### Task objective
Using the listing below, copy exactly each line from the one that has "So that was" through the one that has "In the for loop, i"; omit the pictures.

### Excerpted data
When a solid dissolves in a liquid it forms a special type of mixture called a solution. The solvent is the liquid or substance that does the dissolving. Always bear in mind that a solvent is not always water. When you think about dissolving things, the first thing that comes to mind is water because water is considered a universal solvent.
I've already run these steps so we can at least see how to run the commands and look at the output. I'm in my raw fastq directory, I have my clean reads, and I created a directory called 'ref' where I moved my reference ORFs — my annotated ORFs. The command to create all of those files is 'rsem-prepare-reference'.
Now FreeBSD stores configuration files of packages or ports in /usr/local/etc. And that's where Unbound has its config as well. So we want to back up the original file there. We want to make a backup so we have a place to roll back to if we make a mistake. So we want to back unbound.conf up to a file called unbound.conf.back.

==

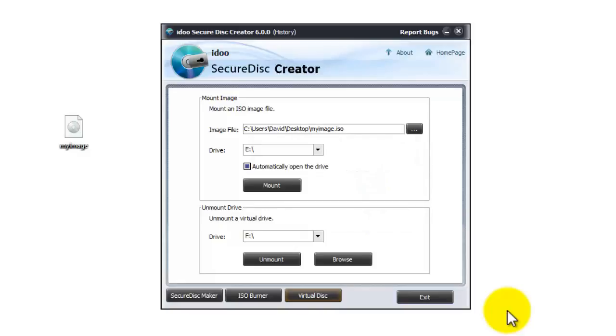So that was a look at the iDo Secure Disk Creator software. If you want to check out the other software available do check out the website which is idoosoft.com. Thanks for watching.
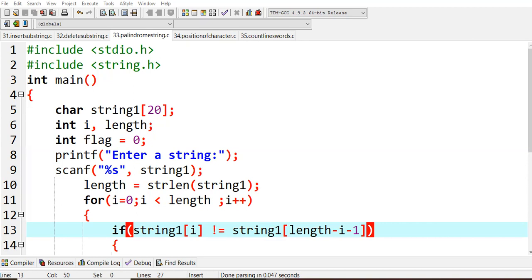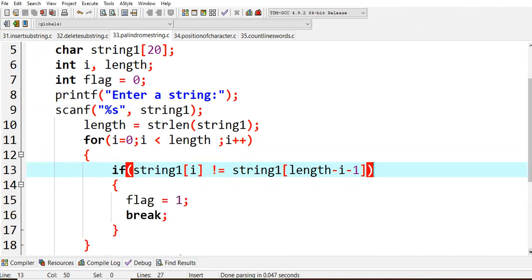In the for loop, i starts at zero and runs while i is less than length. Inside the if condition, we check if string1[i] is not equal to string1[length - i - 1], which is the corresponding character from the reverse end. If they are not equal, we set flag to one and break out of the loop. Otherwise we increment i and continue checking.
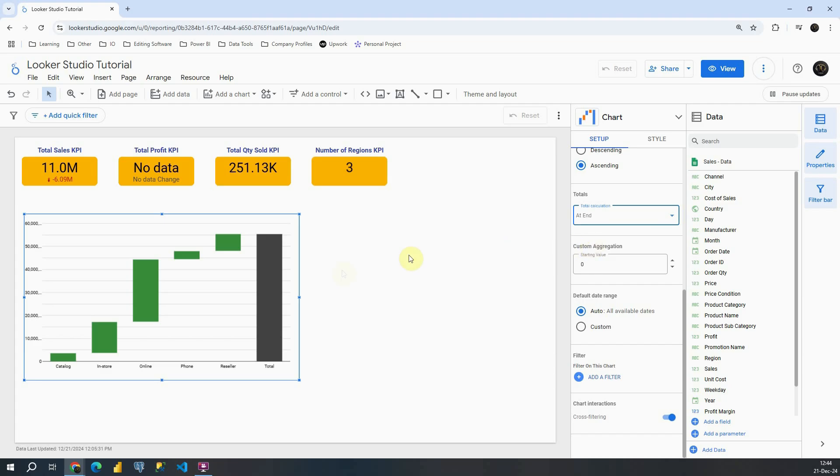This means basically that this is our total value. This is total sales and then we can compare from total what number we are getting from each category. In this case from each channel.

### Solution below
So that was a look at the iDo Secure Disk Creator software. If you want to check out the other software available do check out the website which is idoosoft.com. Thanks for watching.
In the for loop, i starts at zero and runs while i is less than length. Inside the if condition, we check if string1[i] is not equal to string1[length - i - 1], which is the corresponding character from the reverse end. If they are not equal, we set flag to one and break out of the loop. Otherwise we increment i and continue checking.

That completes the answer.